**** Exercise data ****

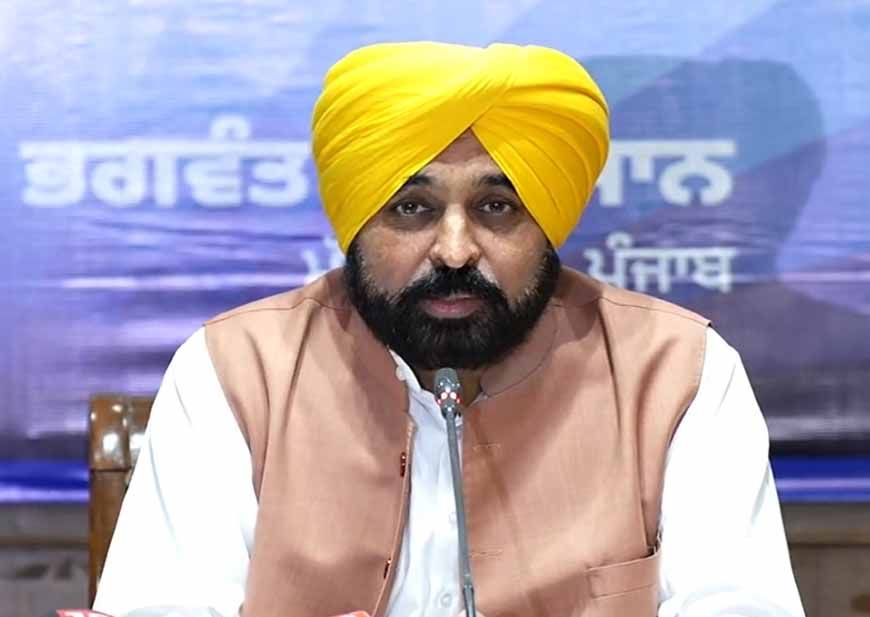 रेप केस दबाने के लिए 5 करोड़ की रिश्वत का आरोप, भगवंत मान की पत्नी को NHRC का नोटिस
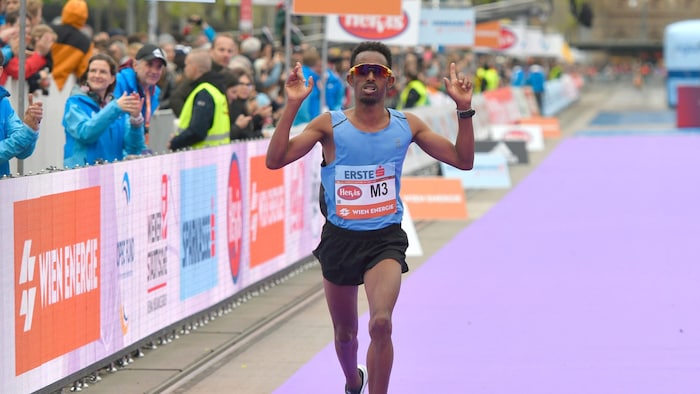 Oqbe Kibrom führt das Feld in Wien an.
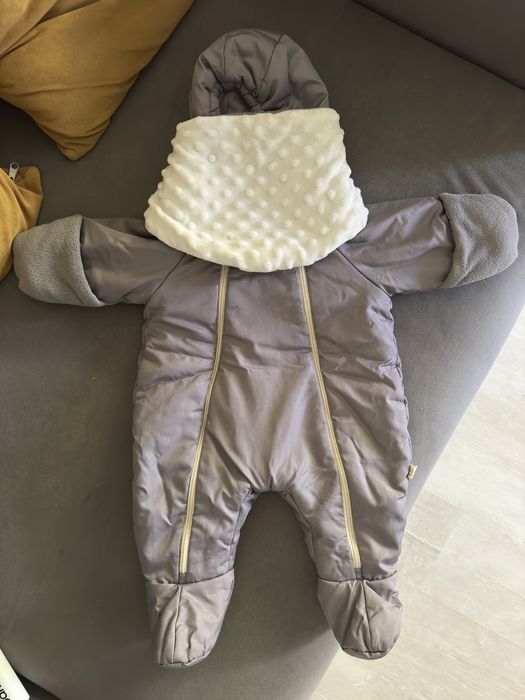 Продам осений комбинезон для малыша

****

• _About this task_
Copy out the data verbatim, excluding the pictures.

• _Result for this task_
 रेप केस दबाने के लिए 5 करोड़ की रिश्वत का आरोप, भगवंत मान की पत्नी को NHRC का नोटिस
 Oqbe Kibrom führt das Feld in Wien an.
 Продам осений комбинезон для малыша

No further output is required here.